John Bennett is executive director of the Savannah Bicycle Campaign.
Several years ago, while waiting for a public meeting to begin, I struck up a conversation with a woman seated next to me. As you might expect, if you chat with me long enough the topic of bicycling is likely to emerge.
While she didn't ride a bike herself, she told me she had noticed that cycling was becoming more popular. I said we needed more bicycle facilities in Savannah and she agreed enthusiastically. Investing in bicycling infrastructure, she suggested, would improve the quality of life in our community.
I was delighted. I was talking with a real life non-cycling cycling advocate. She understood that making Savannah safer and more welcoming to people who ride bikes would benefit everyone, not just cyclists. She assured me she would support bicycle infrastructure projects.
Then she said it:
"We really do need places all the bicycle people can go to ride, so they won't have be on the streets with traffic."
Sad trombone music.
I was imagining a bicycle network linking major destinations and providing safe routes for people who, by choice or necessity, travel by bike. I was talking about transportation.
She placed bicycle facilities in the same category as tennis court or playgrounds. She was talking about recreation.
I saw bicycles as vehicles. She saw them as sporting goods.
And I guess we are both right.
There are plenty of people in Savannah who regard bicycling as purely recreational. Many of them prefer off road facilities and are fearful of sharing streets with drivers. For example, the current effort to protect the McQueen's Island Trail against tidal erosion is proof of its popularity. No doubt the scenic river views factor in the appeal of the trail, which parallels U.S. Highway 80 between the Bull River Bridge and Fort Pulaski.
It's also true that many people like the McQueen's Island Trail because they feel comfortable only on a facility that is closed to motorized vehicles.
Yet the dichotomy between the protection of off-road paths and the convenience of on-street bike lanes is being proven false in communities across the country. New types of bicycle facilities do not require people to choose between safety and accessibility. Protected bike lanes are designed with bollards, raised islands, planters, buffer spaces and even parked cars to provide a physical separation for people on bikes from people in motor vehicles.
The term cycle track is also used to describe facilities that are located adjacent to or included in roadways, but offer cyclists the protection of segregation from motorized traffic.
Protected bike lanes attract cyclists of all ages and abilities. Erecting physical barriers between cars and bikes helps hesitant citizens overcome psychological barriers, as well. After easing into safe urban cycling, their confidence grows and they become more comfortable riding their bikes on other city streets. Studies also link protected bike lanes to increased economic activity, or as a recent Fast Company blog headline proclaimed, "Want To Make Money? Build A Business On A Bike Lane."

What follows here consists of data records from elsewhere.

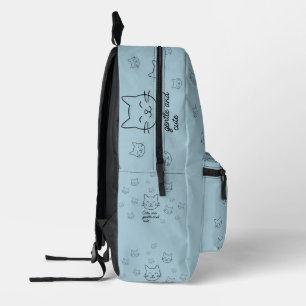 Mochila Impresa Gentle Whiskers
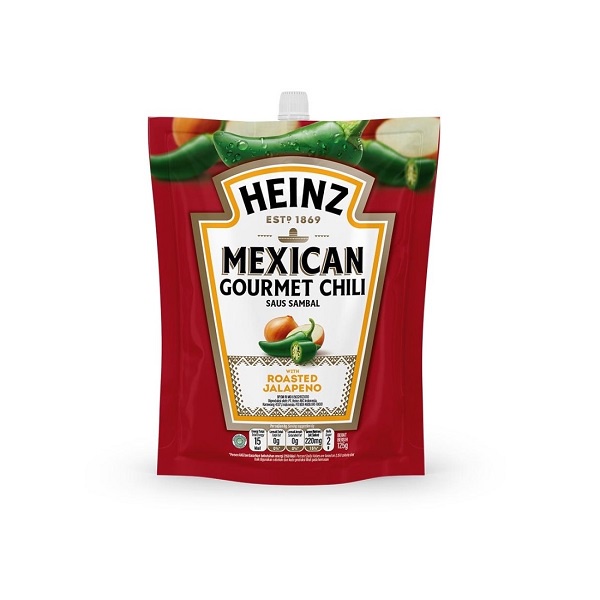 

HEINZ SAUS TOMAT MEXICAN INDONESIAN KOREAN GOURMET CHILI 125 GRAM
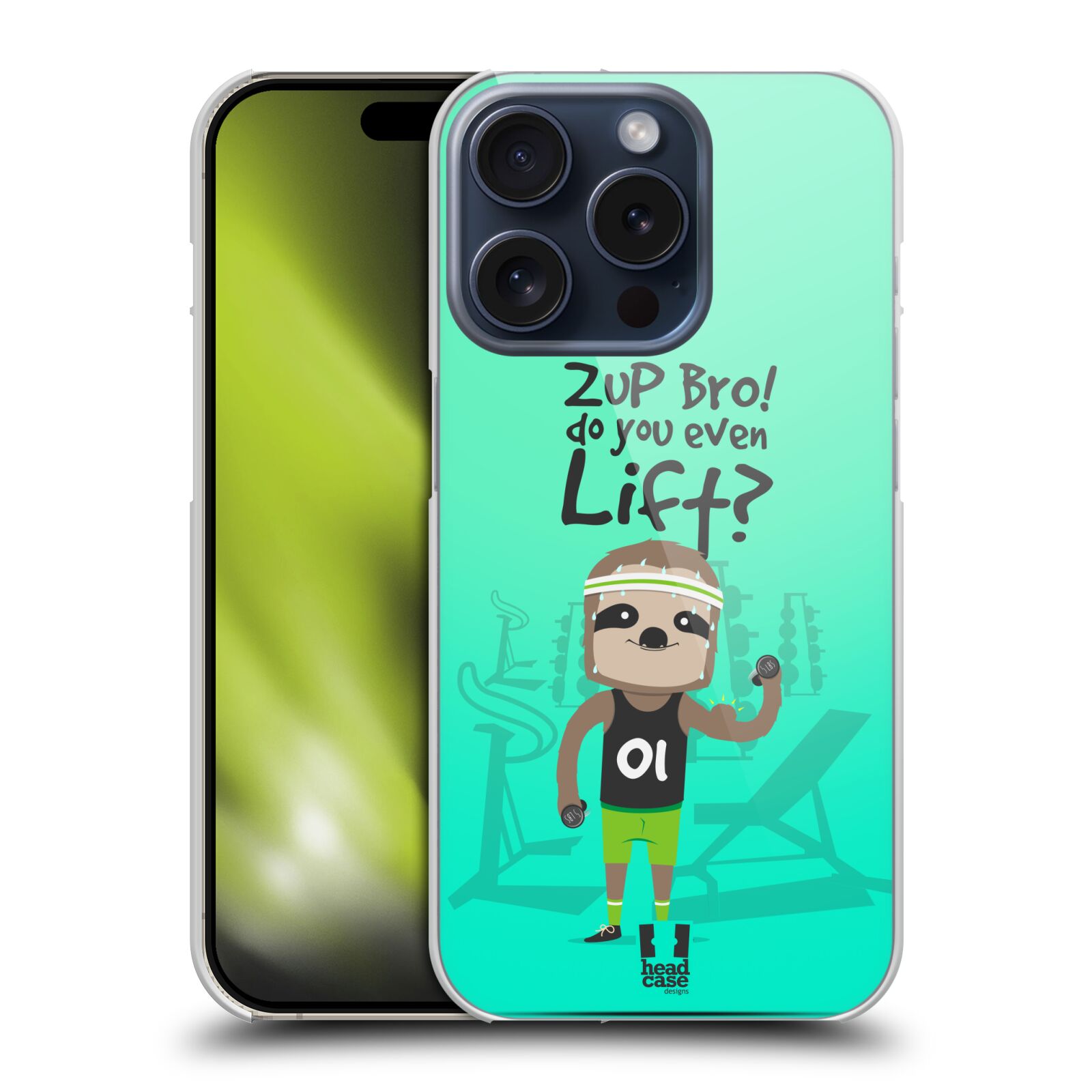 HEAD CASE DESIGNS MR. SLOTH HARD BACK CASE FOR APPLE iPHONE PHONES - Picture 10 of 12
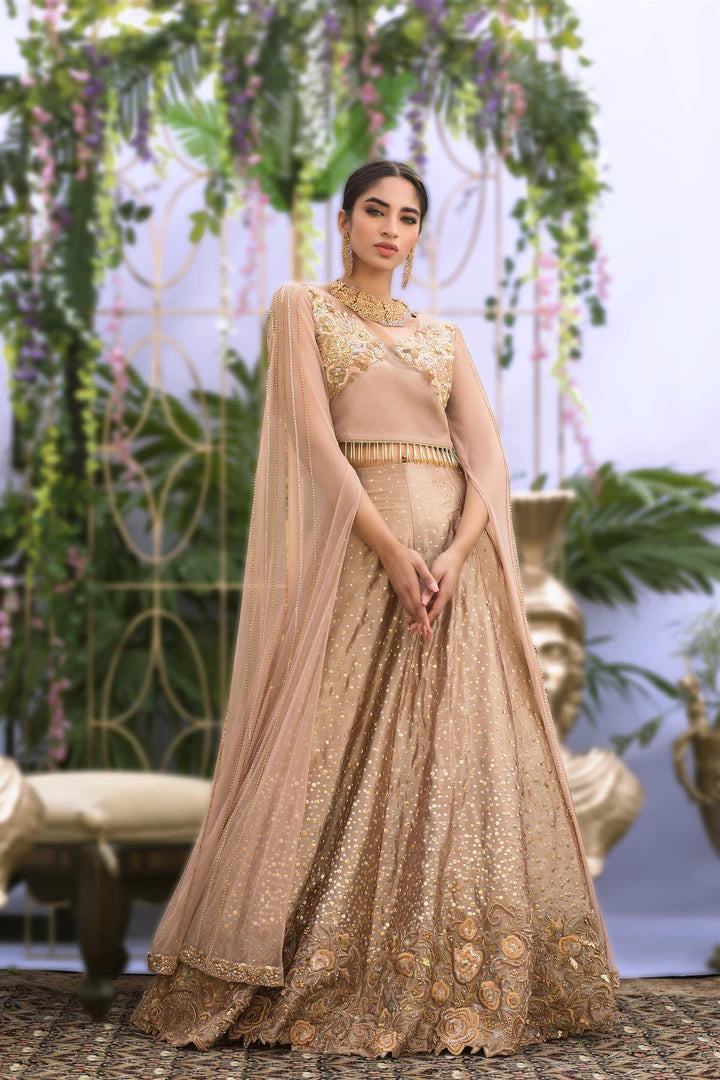 Rose Gold Lenga and Choli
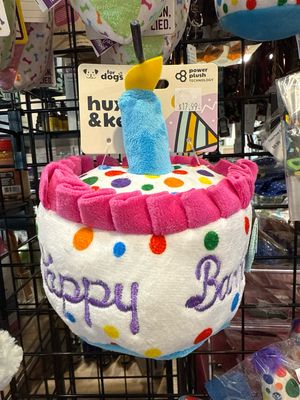 Huxley Kent Dog Power Plush Happy Barkday Cake Large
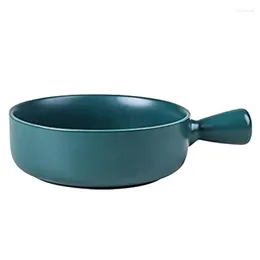 Tigelas tigela de cerâmica com alça de sopa Ramen Fornecedor de pratos à prova de batedores e porcelana de cozinha segura por microondas
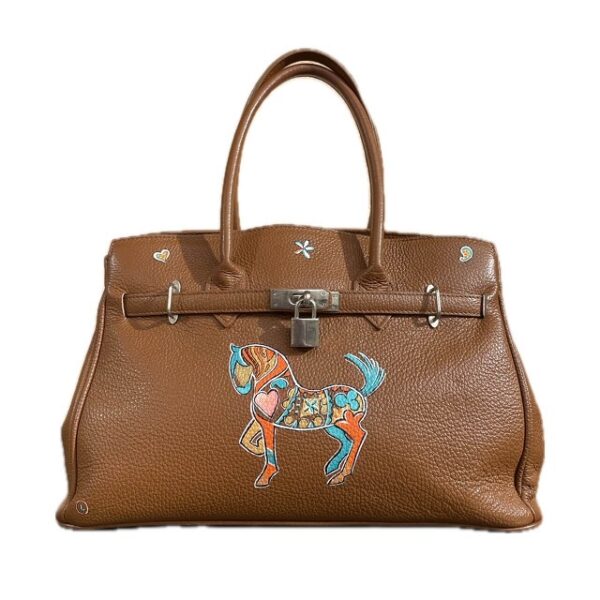 sac cuir poney fantasy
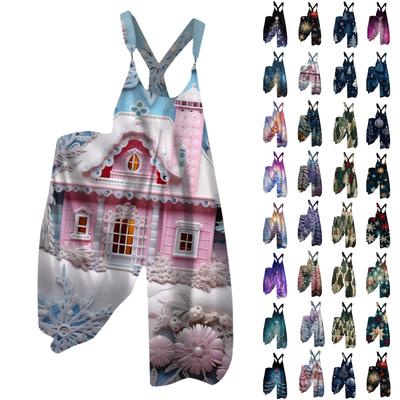 Женский рождественский комбинезон с принтом в виде маленькой свежей рождественской елки в стиле ретро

These types of facilities are being built in the heart of large cities including Atlanta, Chicago and Manhattan. They offer the benefits of a space designed exclusively for bikes, but without the isolation of an off-road trail. Protected bike lanes recognize the reality of where people need to go and offer them the comfort of separation from cars and trucks on the way.

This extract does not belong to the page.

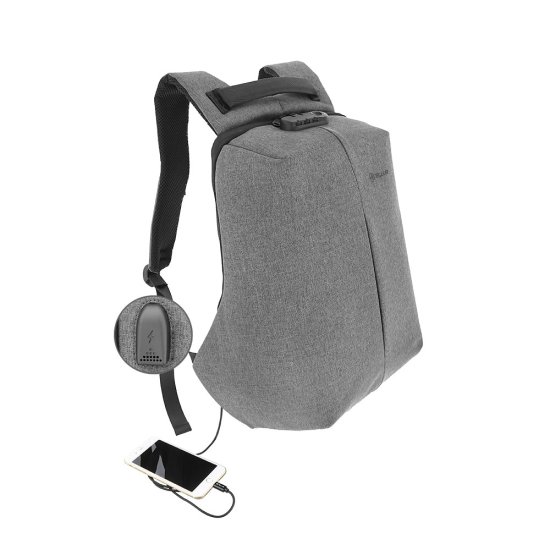 Tellur Hunter Anti-Theft V2 Αδιάβροχο Backpack με Θήκη Laptop έως 15,6″ Grey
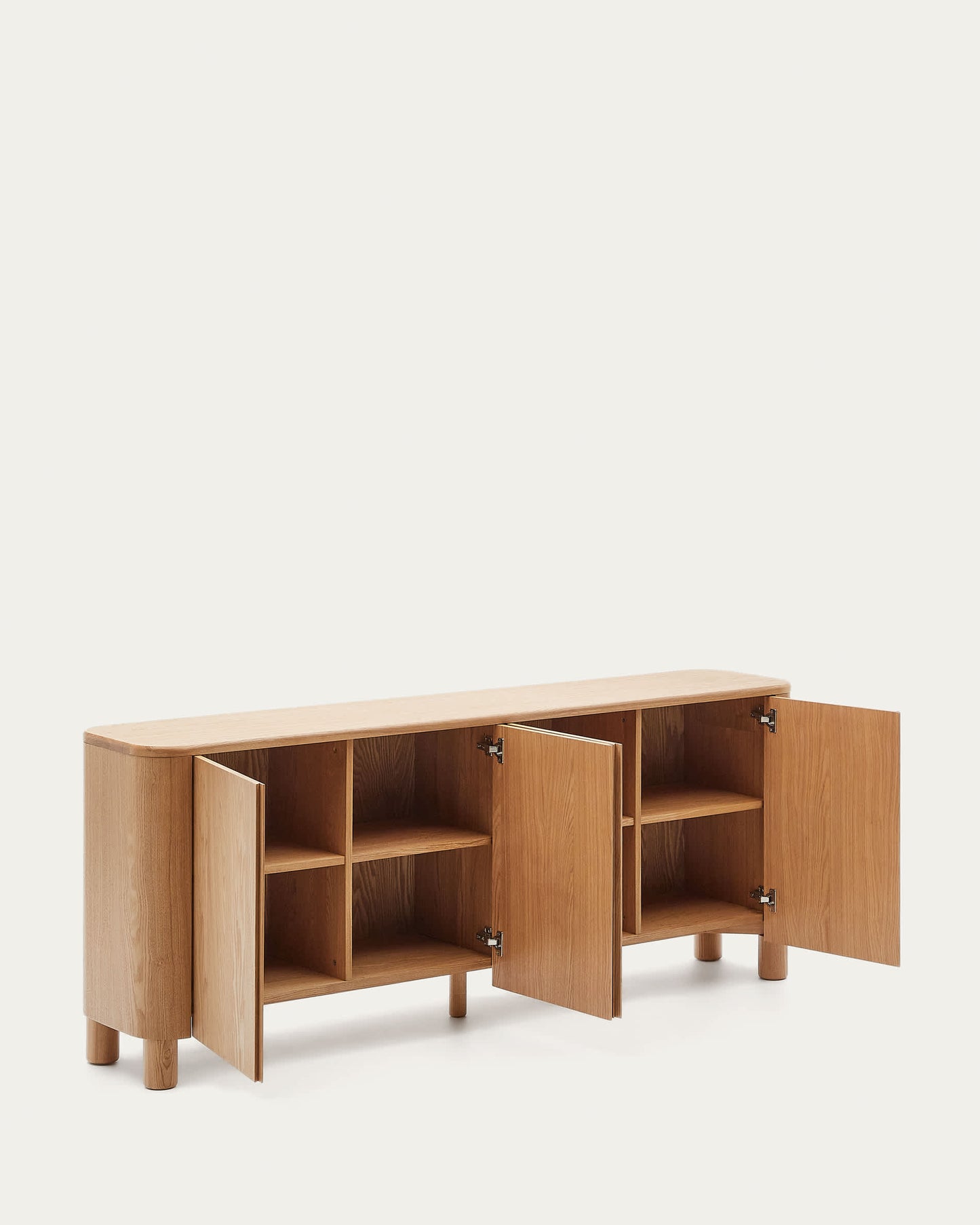 Credenza Salaya in compensato di frassino 200 x 79 cm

Do we need more bicycle facilities in Savannah? Without a doubt. There are 8.75 miles of conventional bike lanes in the city. That means only 3.21 percent of Savannah's 727-mile street network is equipped with bike lanes.
Things are getting better, however, with the addition of the Washington Avenue and Price Street bike lanes in 2010 and 2012, respectively. Still, there's opportunity for improvement.
Should we consider possibilities beyond conventional bike lanes? Certainly. A 2011 study in Chicago found that 86 percent of people felt "safe" or "very safe" when riding on one of the city's protected bike lanes versus only 17 percent who felt safe or very safe in traditional bike lanes. These perceptions are based in reality.
A 2011 analysis by the New York City Department of Transportation found that after the installation of protected bike lanes, crashes resulting in injuries for all road users (this includes not just cyclists, but pedestrians and drivers, too) dropped by 40 percent and up to 50 percent in some locations.
The body of research on the benefits of protected bike lanes is growing. New models for implementation are appearing in other cities. We ought to be studying the best of these and putting them to work here.